> [What you have to do] Repeat exactly the lines of the material below that run from the "Coya Mama Chimpo Ocllo by Edouard Riou" line to the "Bed in Oriental Blue Smart Stay" line, including both, and do not carry over any pictures.

> [Source information]

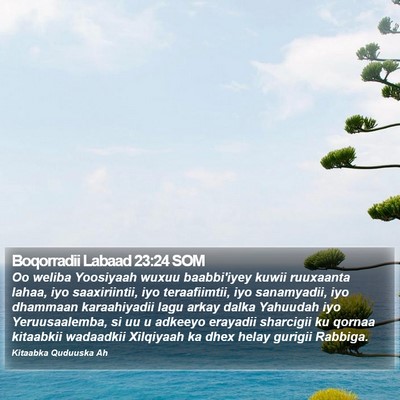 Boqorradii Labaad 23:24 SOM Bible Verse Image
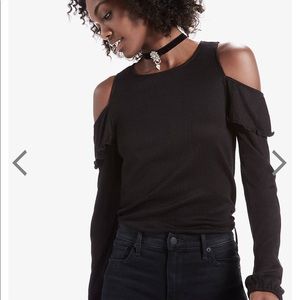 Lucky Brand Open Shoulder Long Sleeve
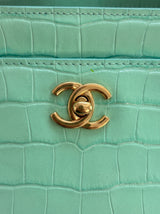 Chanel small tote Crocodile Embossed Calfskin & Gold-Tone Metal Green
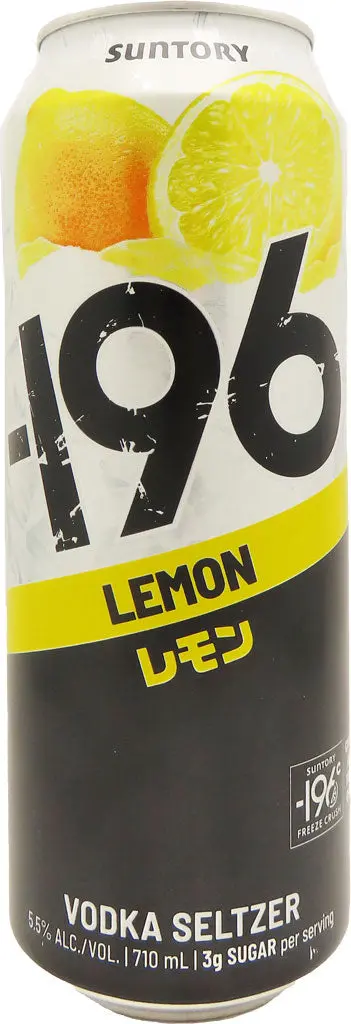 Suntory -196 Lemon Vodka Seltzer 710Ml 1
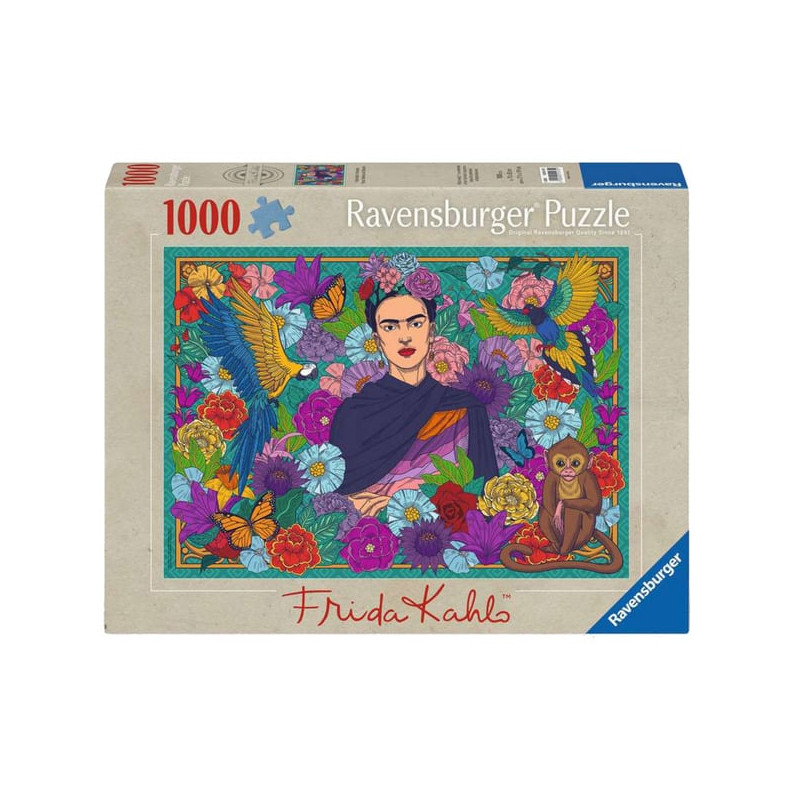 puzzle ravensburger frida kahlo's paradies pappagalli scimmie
==
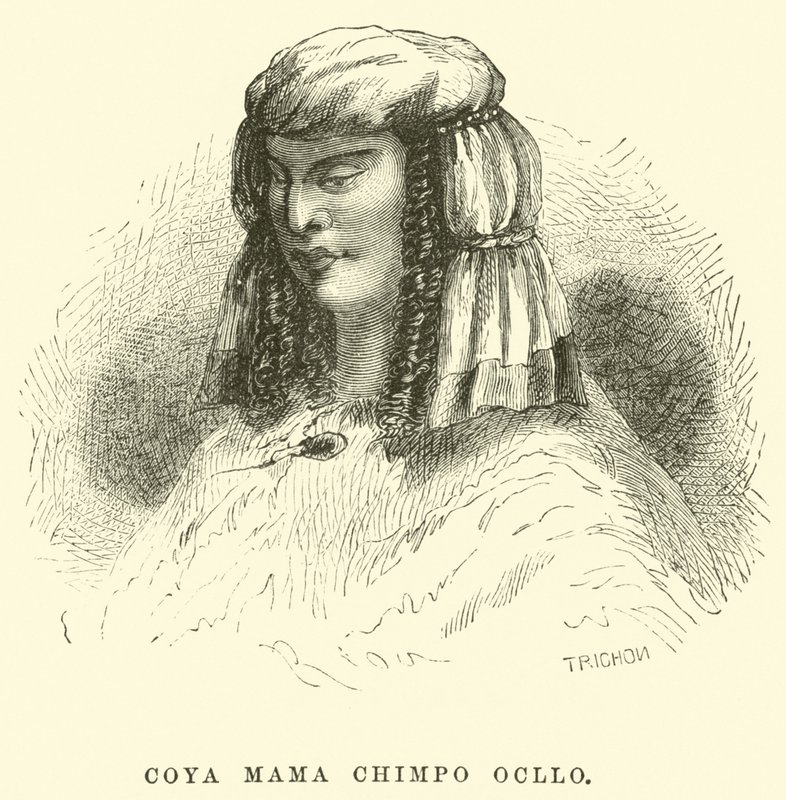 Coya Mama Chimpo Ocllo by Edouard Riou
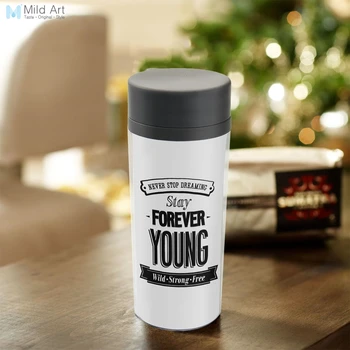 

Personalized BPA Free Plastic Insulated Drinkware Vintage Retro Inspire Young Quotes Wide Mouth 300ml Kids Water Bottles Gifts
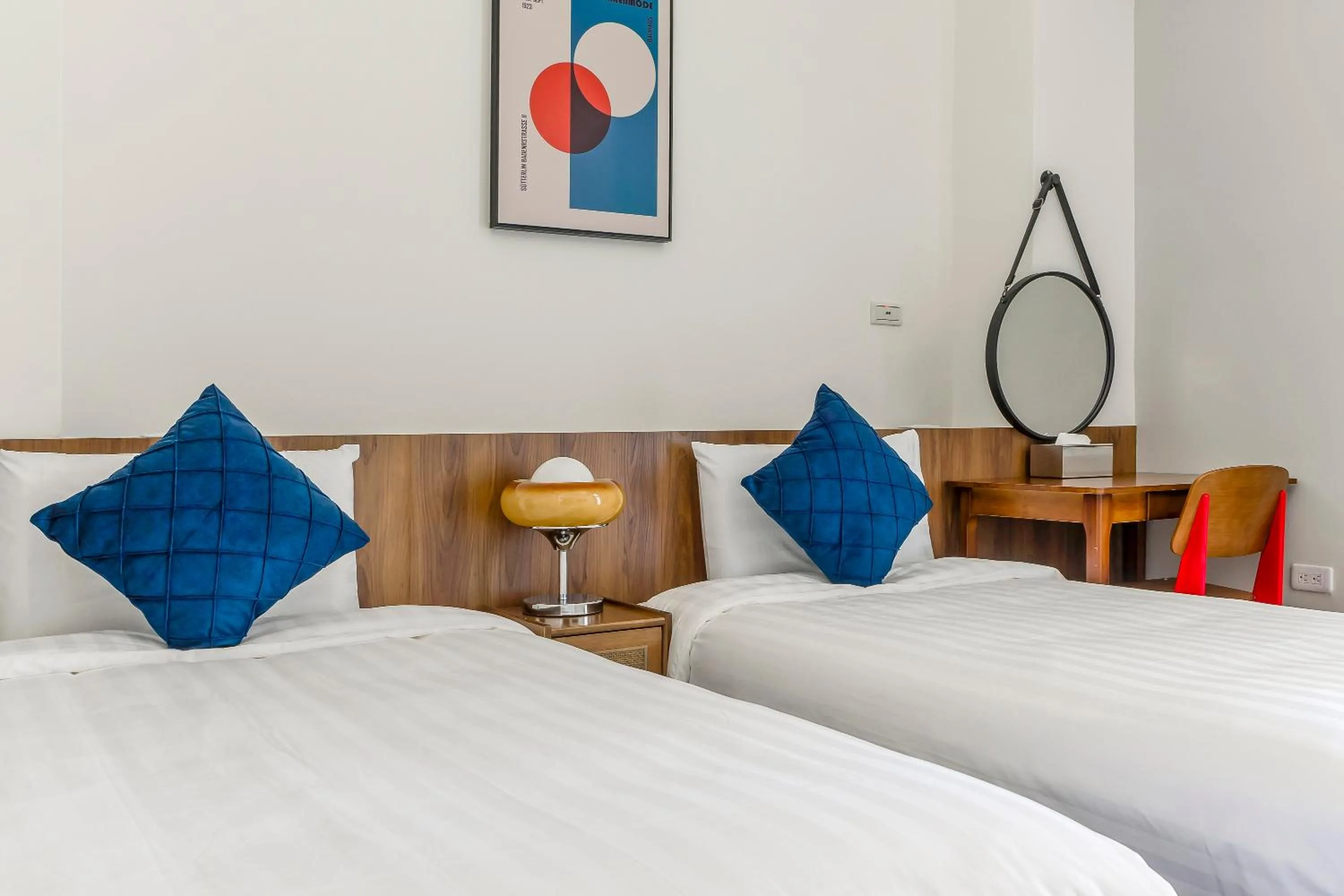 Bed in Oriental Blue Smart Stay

> [Task result]
 Coya Mama Chimpo Ocllo by Edouard Riou

Personalized BPA Free Plastic Insulated Drinkware Vintage Retro Inspire Young Quotes Wide Mouth 300ml Kids Water Bottles Gifts
 Bed in Oriental Blue Smart Stay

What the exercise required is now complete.